His common-law wife Marie has returned to the conservative Catholicism she was raised on, and subsequently left Hans; even worse, shes’ taken up with a bourgeois hack named Zupfner. Marie and Hans initially came together as teens, sexing it up in their provincial German town. After scandalizing all the decent ex-Nazis in town, they retreat to the comparatively cosmopolitan city of Bonn and begin a life (in sin) together, traveling from venue to venue and performance to performance as Hans’s career grows.

It becomes clear through the course of The Clown — which is essentially Hans’s long, angry rant against complacent conformity — that Marie is merely an object for Hans, a romantic idealization. He repeatedly tells us that she doesn’t get his art–

I don’t believe there is anyone in the world who understands a clown, even one clown doesn’t understand another, envy and jealousy always enter into it. Marie came close to understanding me, but she never quite understood me. She always felt that as a “creative person” I must be “deeply interested in absorbing as much culture as possible.” She was wrong.

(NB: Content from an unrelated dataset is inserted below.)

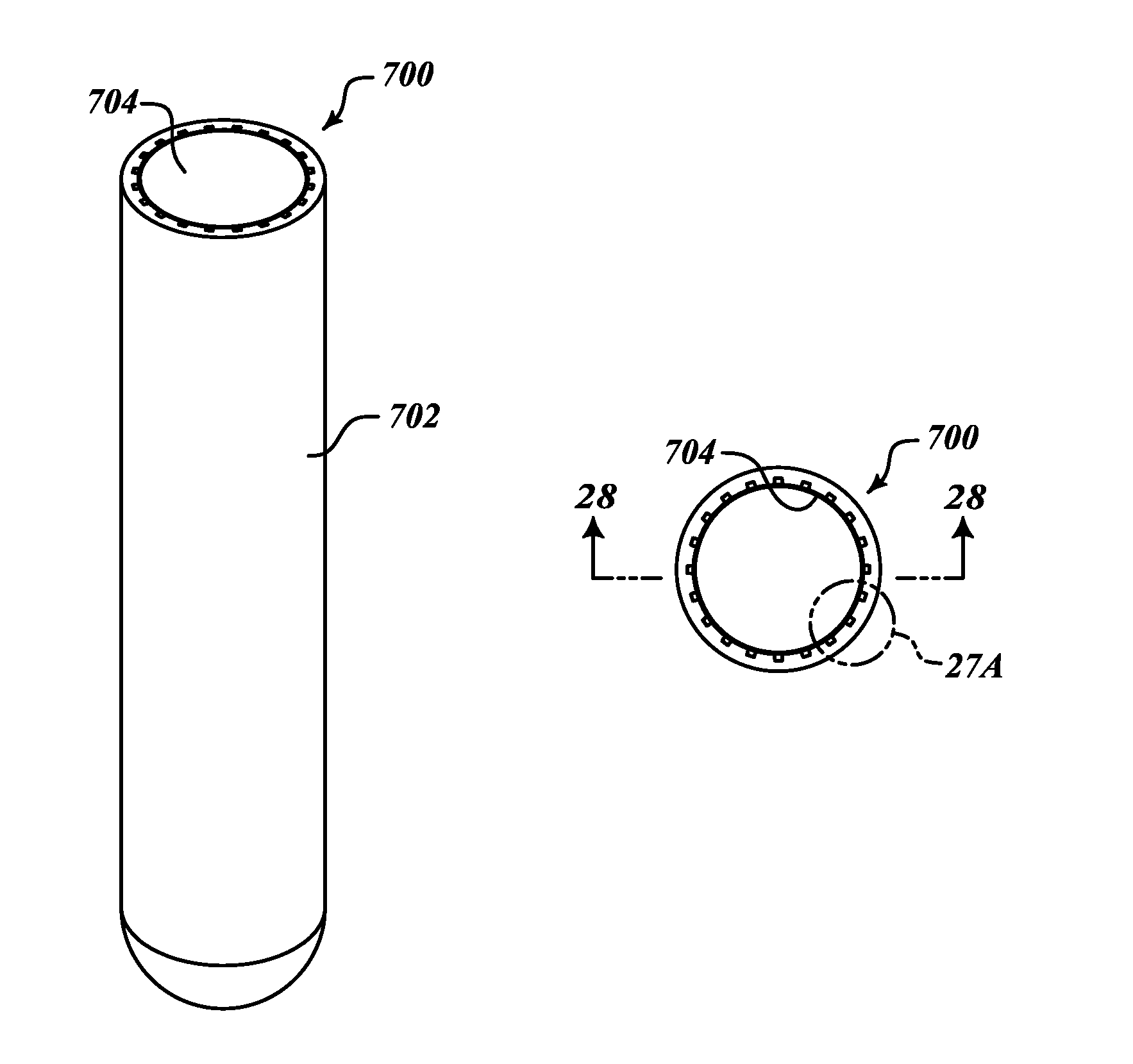 Adjustable prosthesis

Hans is always the outsider, even to the woman he loves. Still, Marie represents both comfort and some sense of continuity for this traveling artist whose life is basically a series of hotels, train rides, and performances. Without her, Hans is lost, adrift without an anchor, pure vitriol aimed at a society he rebukes at every turn. Consider his parents, for instance, rich Protestants with a penchant for providing patronage to middling writers — Hans’s hate for them is almost metaphorical, a hate that extends to their religion and their complicity in the evils of WWII. While The Clown is a highly personal story, the tale of an artistic soul tortured in the absence of his love, it’s also an indictment of postwar Germany, a milieu all-too ready to whitewash its sins in the easy absolution of cheap religion.

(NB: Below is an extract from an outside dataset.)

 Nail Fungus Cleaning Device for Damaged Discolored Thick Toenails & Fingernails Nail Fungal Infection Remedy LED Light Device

At times the nuances of The Clown’s argument against the conformist postwar German culture were lost on me. Hans’s many references to the particular rhythms and contrasts of Teutonic Protestants and Catholics were beyond my ken. Still, this rarely detracted from my enjoyment or involvement in the novel. Its caustic bite and extreme depression is tempered by ironic humor and expansive knowledge. Here’s an early passage in the book that I think shows off these attributes and obsessions while highlighting a bizarre metaphysical conceit that I don’t know how to properly work into this review–

I felt sick. I forgot to say that not only do I suffer from depression and headaches but a I also have another, almost mystical peculiarity: I can detect smells over the telephone.  . . . I had to get up and clean my teeth. Then I gargled with some of the cognac that was left, laboriously removed my makeup, got into bed again, and thought of Marie, of Christians, of Catholics, and contemplated the future. I thought of the gutters I would lie in one day. For a clown approaching fifty there are only two alternatives: gutter or palace. I had no faith in the palace, and before reaching fifty I had somehow to get through another twenty-two years.

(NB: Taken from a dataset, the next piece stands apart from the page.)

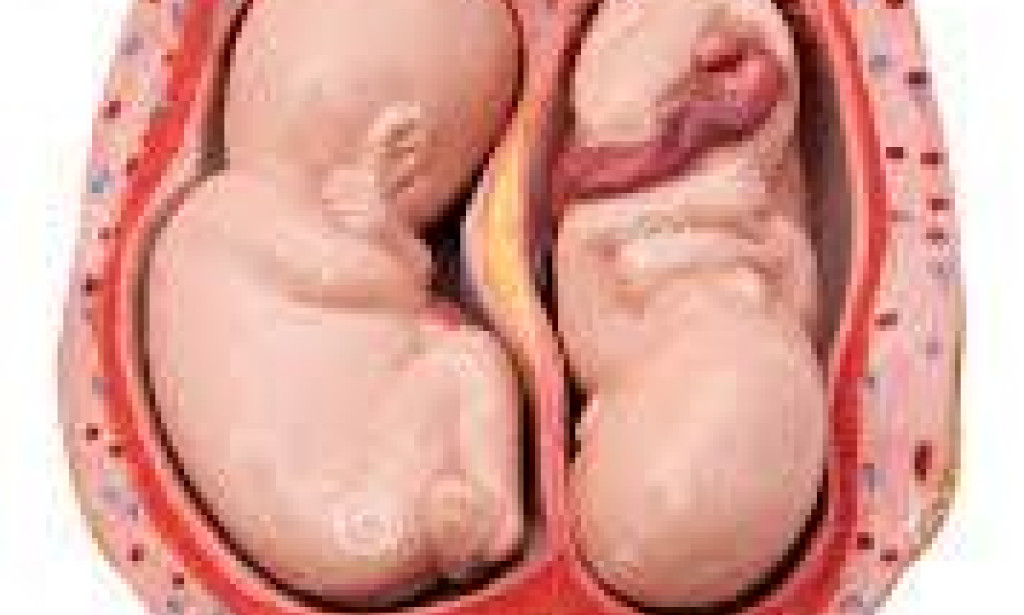 What You Should Do If You Want Twins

So we learn that our hero is only in his late twenties, yet already romanticizes a dramatic life of failure; he sees himself as the failed artist down in the gutter, perhaps dreaming of the stars. And he can smell through the phone!

At its core, The Clown is a searing attack on hypocrisy, one grounded in a sense of time and place. And it’s this grounding that gives the book the weight — the concreteness of truth — to transcend its postwar setting and remain relevant today in a world where language, religion, and custom all provide societies and their institutions a kind of metaphysical escape hatch to avoid squarely assessing the gaps between mantra and action. Hans shows us that it takes a jester to truthfully comment on the absurdity of modernity; it’s the trickster whose pantomimes tap into the most mundane gestures to expose the intricate ways these gestures might disguise ugly, banal, or even evil intentions. Great stuff.

The Clown is new in print again from Melville House.